In the first part of this article I wrote that I did not see a copy of the final contract between Atlantic Hotel Inc (AHI) and SCG International (Trinidad and Tobago) Limited (SCG/the contractor) for the construction of the Kingston hotel property financed by the Government of Guyana, owned by AHI and proposed to be managed by and operated under the name of Marriott, the international hotel chain. In fact there is no single contract but rather ten separate documents, including one described as the Contract Agreement, that together constitute the contract. At all times Mr Winston Brassingston operated as the shareholder representative, chairman, sole director and Chief Executive Officer of AHI. In addition, these and other documents which I have seen indicate that Mr Brassington was the point man for negotiations with the contractor as well as government agencies. It is almost unthinkable that a single individual who in law has no obligation but to the company would be allowed such vast and unrestricted powers over expenditure exceeding ten billion dollars.

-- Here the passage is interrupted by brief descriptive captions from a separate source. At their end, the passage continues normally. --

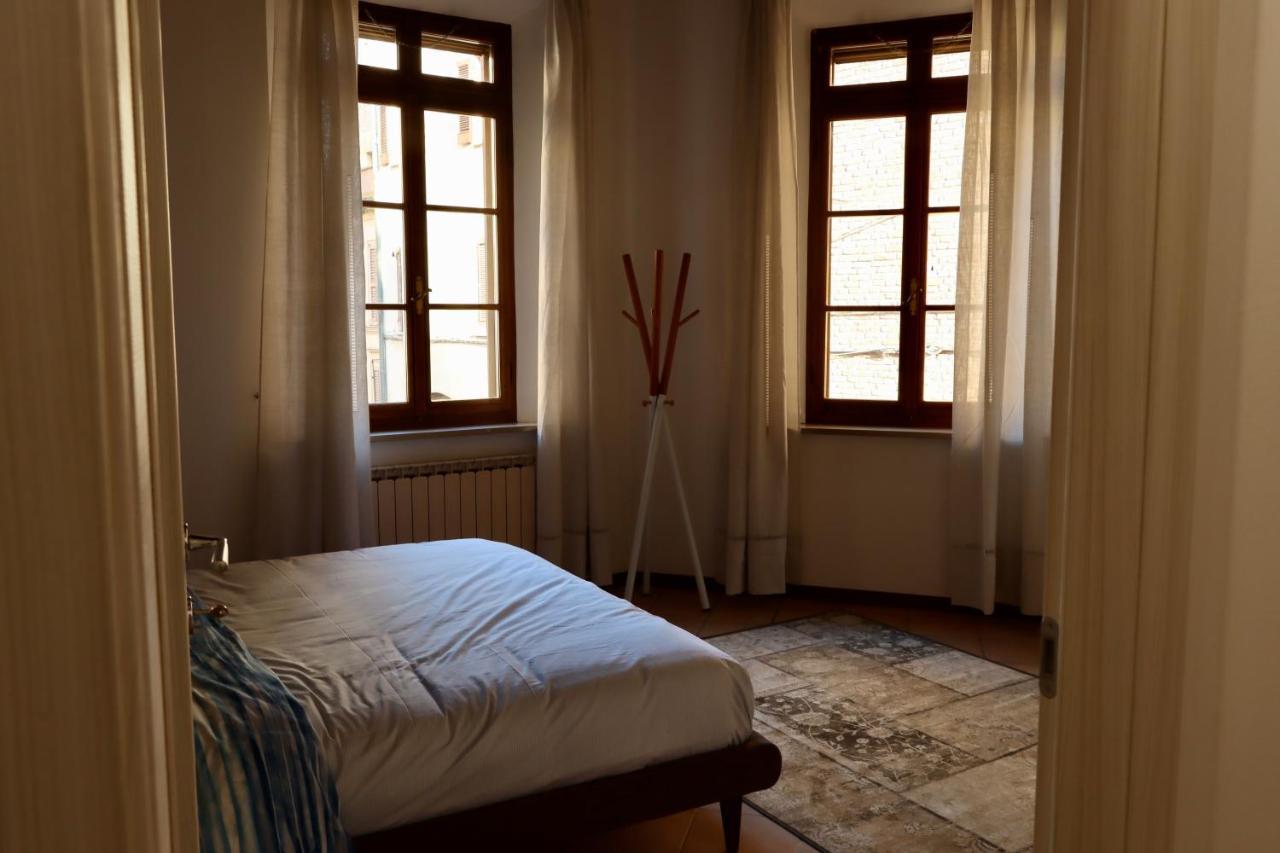 Casalonghi Daire Mantua Dış mekan fotoğraf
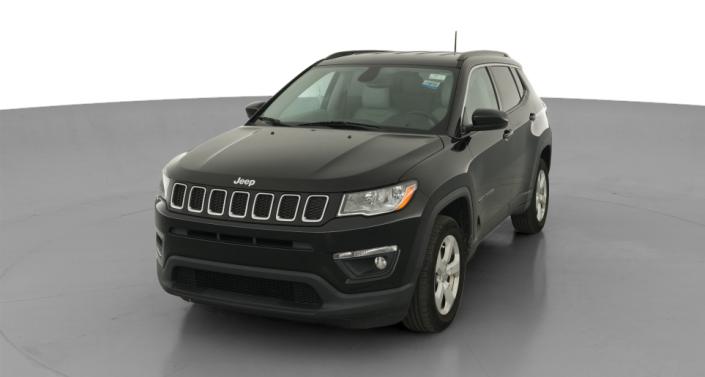 Thumbnail: 2018 Jeep Compass - 1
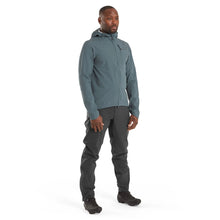 Load image into Gallery viewer, Altura Ridge Lite Waterproof Packable Jacket with Hood | High on Bikes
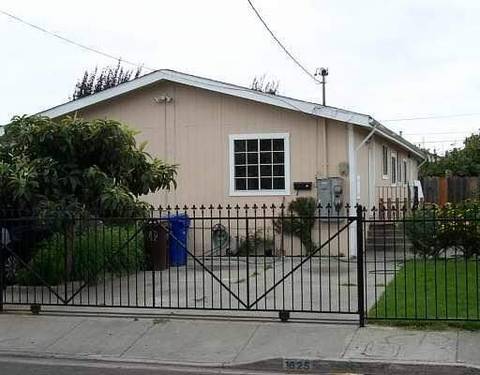 1625 4th St, Richmond, CA 94801 photo 1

What is not unthinkable and indeed was foreseeable is the ‘shamateurishness’ of the negotiated documents and the potential implications for the Guyanese taxpayers who bear the full cost of the investment and any potential losses. To understand why it is not unthinkable and was indeed foreseeable, we have only to look at the example of the Skeldon Sugar Factory. With its large and powerful board and with inputs from Booker Tate, GuySuCo could not prevent a lopsided contract with a Chinese contractor in a matter in which the balance of expertise resided in Guyana. Sadly, the taxpayers continue to suffer the consequences of that mistake. And yet, even before that mistake is rectified − if it ever can be − we are, as Santayana warned, repeating it.

Marriott’s role
Let me also clarify why I am hesitant to call the property the Georgetown Marriott Hotel and Entertainment Complex despite this nomenclature in the Contract Agreement initialled by Brassington for AHI and Michael Zhang of SCG. Marriott is not putting a cent into the project. While the several documents provide for the property to be built to specifications established by Marriott International, the group’s principal role is to manage the property from which it will gain indirectly from the expanded global coverage and directly, from the hotel’s operations. No details have been released of the terms and conditions and the payment arrangements to Marriott for the services it currently provides in the construction phase, and what it will receive under its management contract. In the documents’ package there is a bare reference to Technical Services Agreement of April 23, 2010 between AHI and Marriott International. Interestingly, the financial statements which are audited by the benign and bemused Audit Office show no payment to Marriott in either 2010 or 2011, suggesting that Marriott worked gratis in those two years − a highly unlikely possibility.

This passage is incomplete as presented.